INPUT »
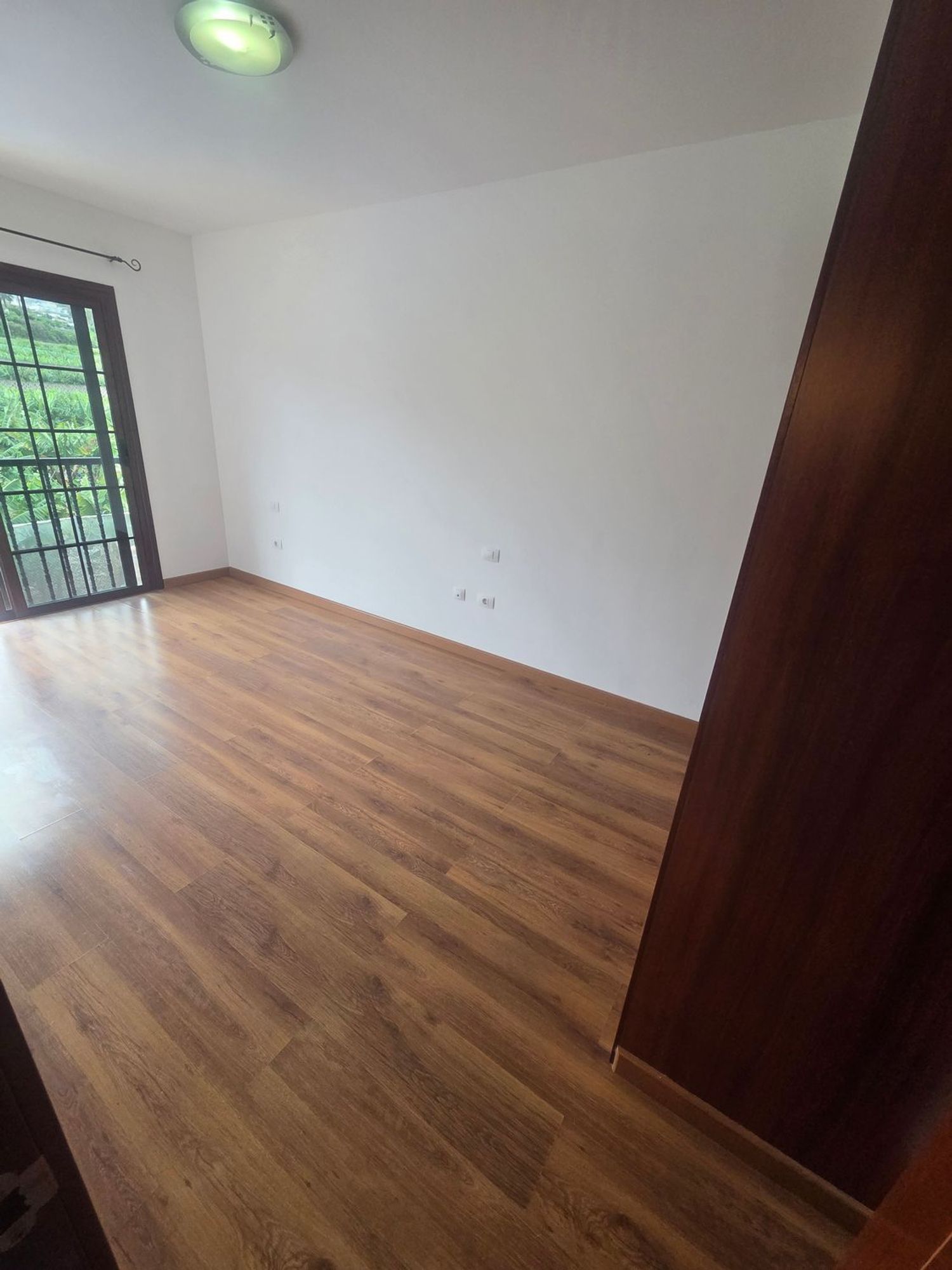 Piso en calle Ecuador, 10 b - Foto 19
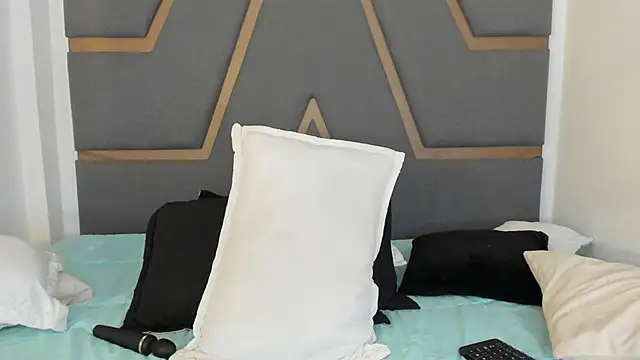 juana_valkiria webcam
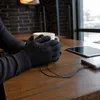 2 Paare Beheizbare Handschuhe Winter Warm Beheizte Produktbild-Vorschau 11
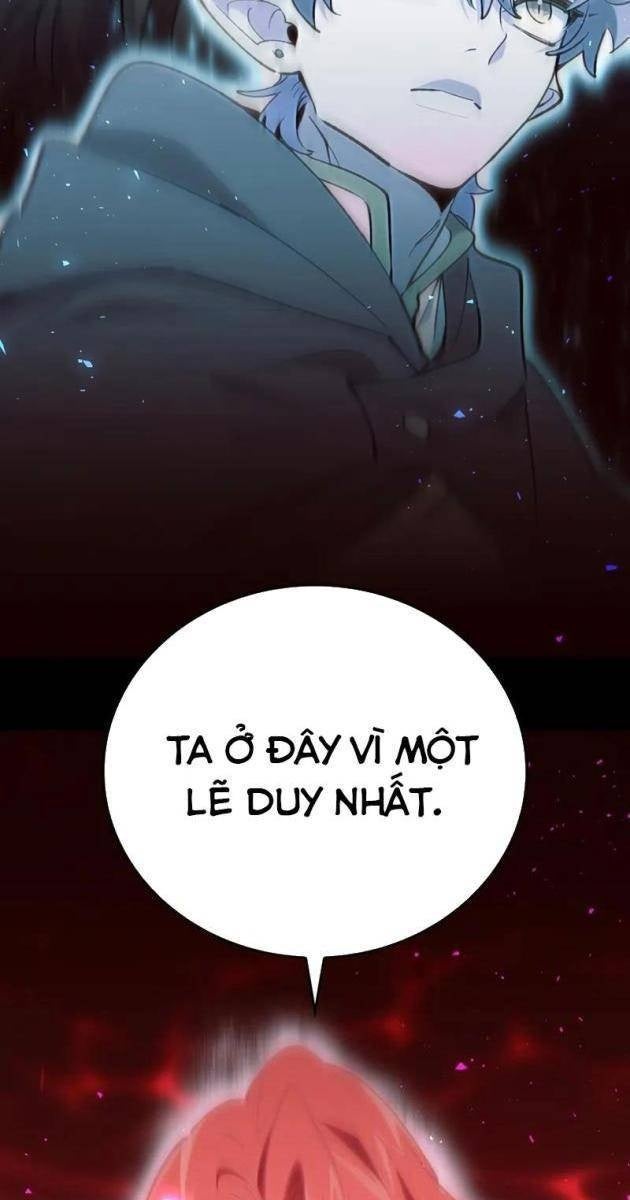 Hầm Ngục Mạnh Nhất - Page 40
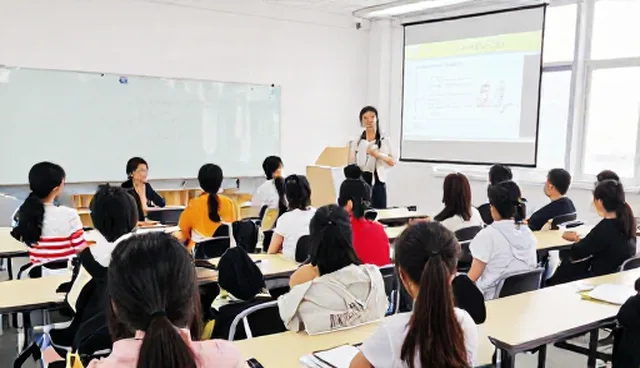 教学设计中对教辅资料包的常见误解解析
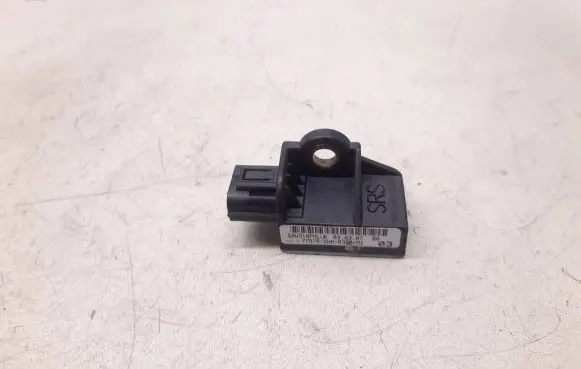 Honda Civic Airbag deployment crash/impact sensor 77970SNA
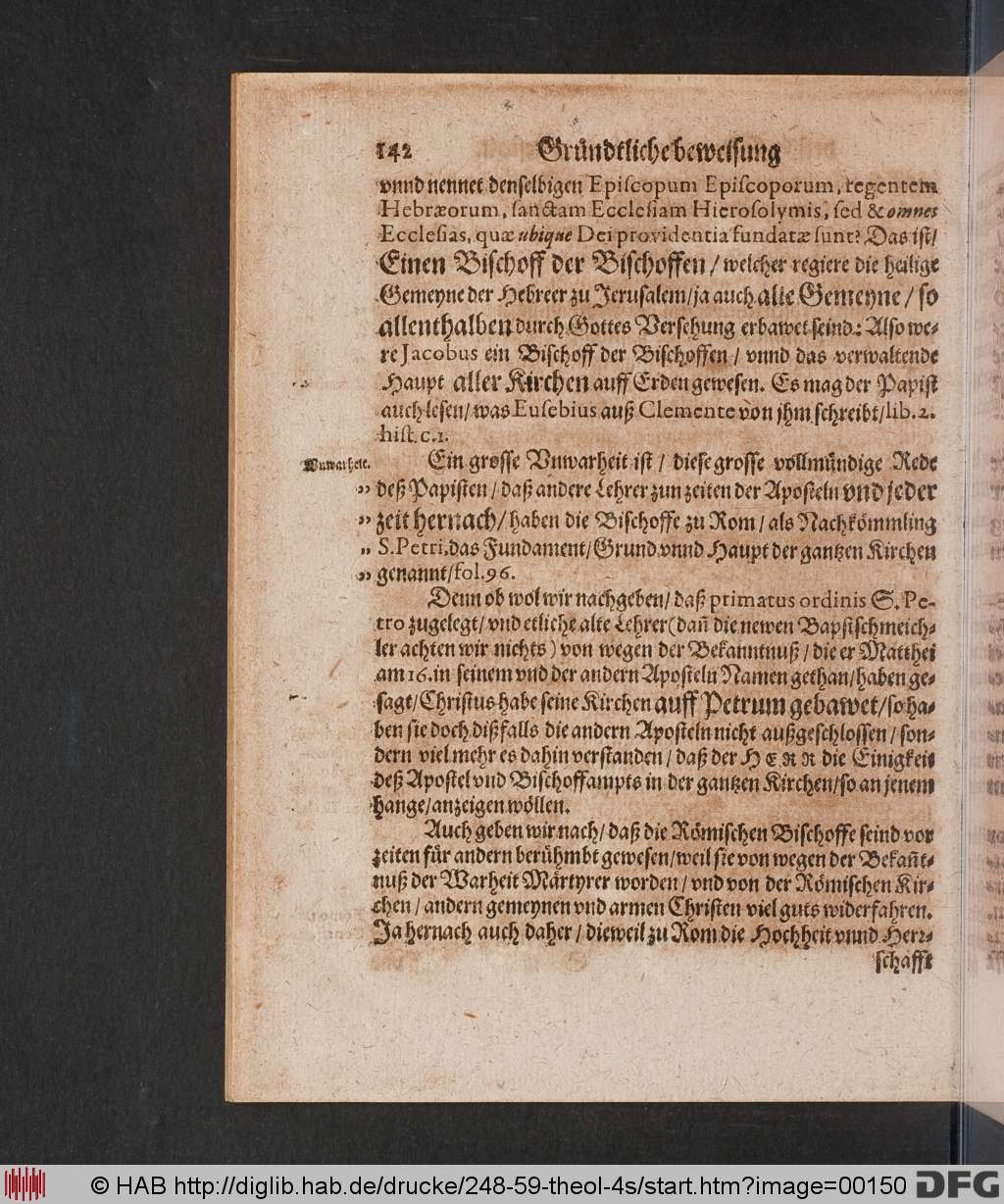 http://diglib.hab.de/drucke/248-59-theol-4s/00150.jpg
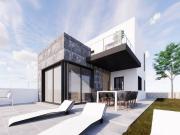 Exclusiva Villa / Chalet de 175 m2 en venta en...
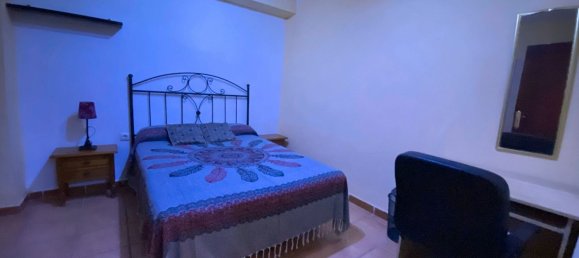 7 bedrooms Townhouse in Andalusia, Spain No. 133491 27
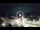 Webcam in Soave, 7.5 mi away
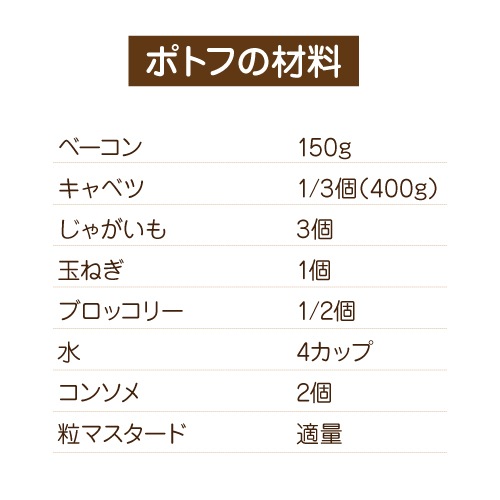 ���̵� �Υ󥹥⡼���١����� �����Υ� 150g ������������������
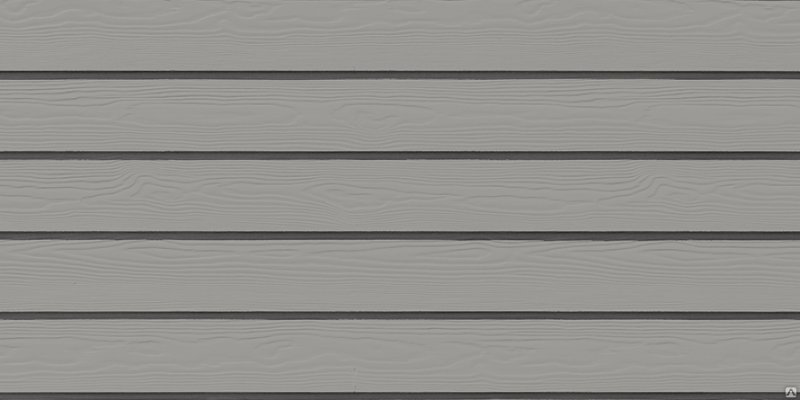 Сайдинг Cedral click Wood (под дерево) с11
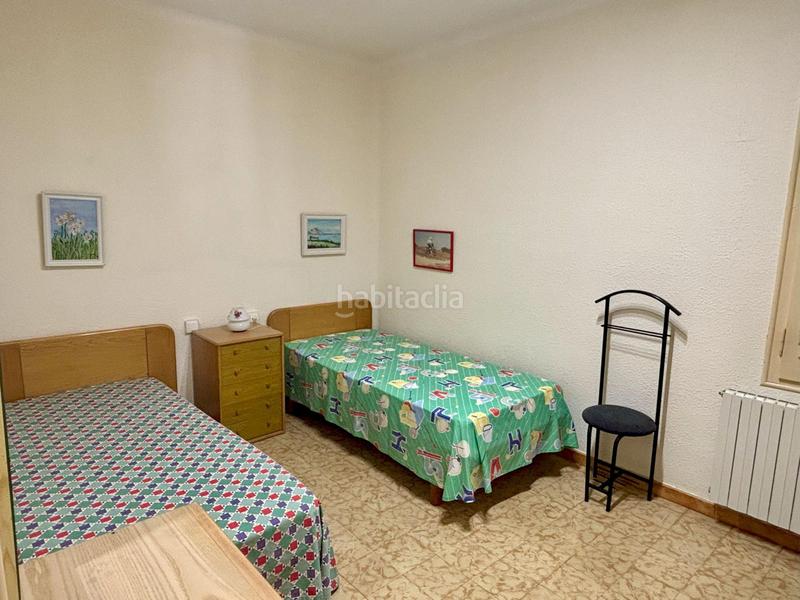 Foto efdd3ca9-ff05-47c9-9b6b-362cb2fb100f. Xalet a Sant Martí de Tous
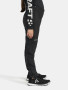 CORE NORDIC SKI CLUB FZ PANTS JUNIOR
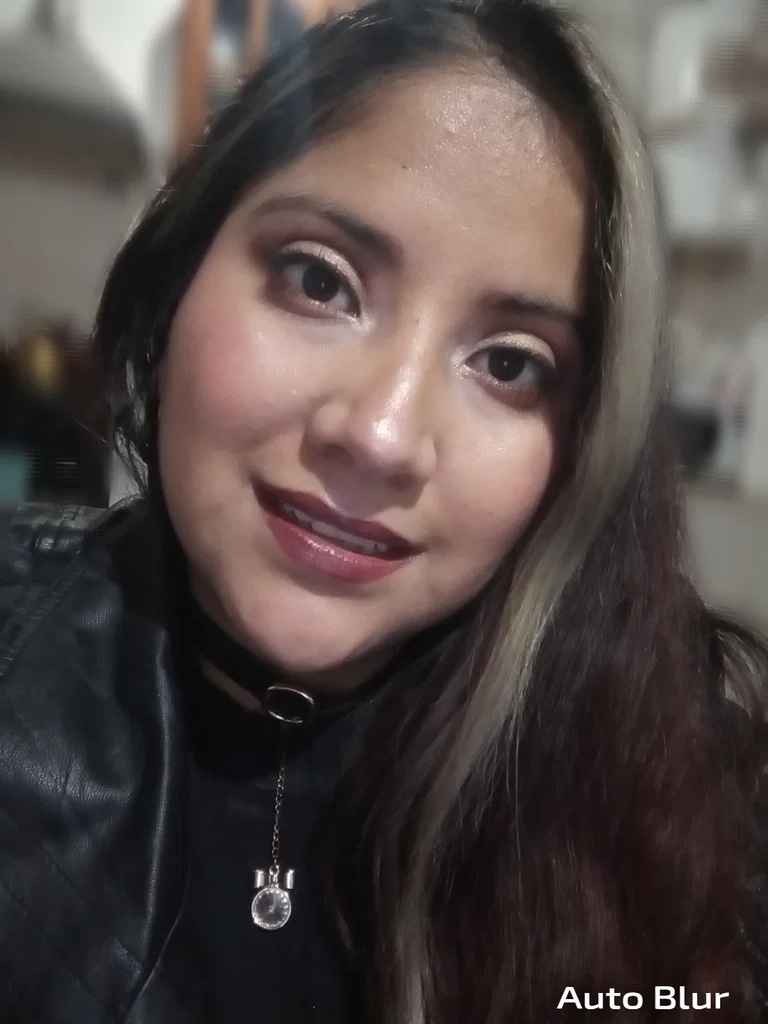 Ailu's avatar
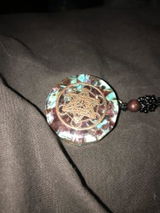 S. review photo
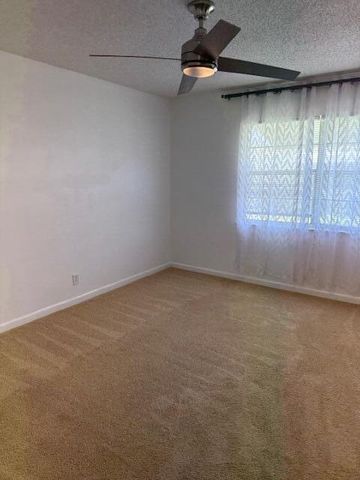 115 Lakes End Drive D, Fort Pierce, FL 34982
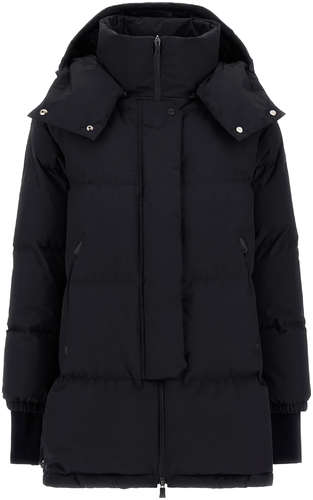 Пуховик HERNO 102212452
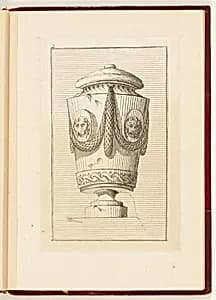Print by Unknown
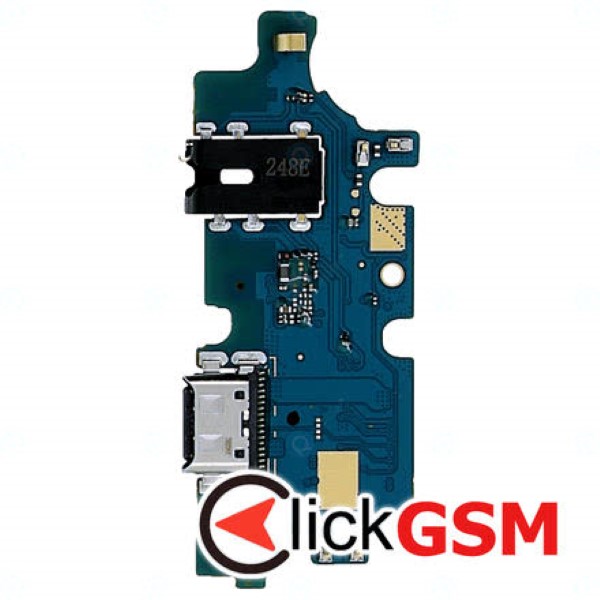 Modul Incarcare Samsung Galaxy M13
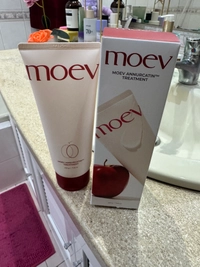 IMG_187894053e731927.jpeg?f=webp&w=200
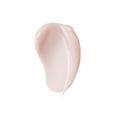 thumbnail image 3 of By Terry Baume de Rose Mini To Go Lip Balm with Hyaluronic Acid, 3 of 4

ACTIVITY »
Copy exactly the lines from the line holding "CORE NORDIC SKI CLUB FZ PANTS JUNIOR" to the final line of the listing, and leave the pictures out.

RESULT FOR THIS EXERCISE »
 CORE NORDIC SKI CLUB FZ PANTS JUNIOR
 Ailu's avatar
 S. review photo
 115 Lakes End Drive D, Fort Pierce, FL 34982
 Пуховик HERNO 102212452
Print by Unknown
 Modul Incarcare Samsung Galaxy M13
 IMG_187894053e731927.jpeg?f=webp&w=200
 thumbnail image 3 of By Terry Baume de Rose Mini To Go Lip Balm with Hyaluronic Acid, 3 of 4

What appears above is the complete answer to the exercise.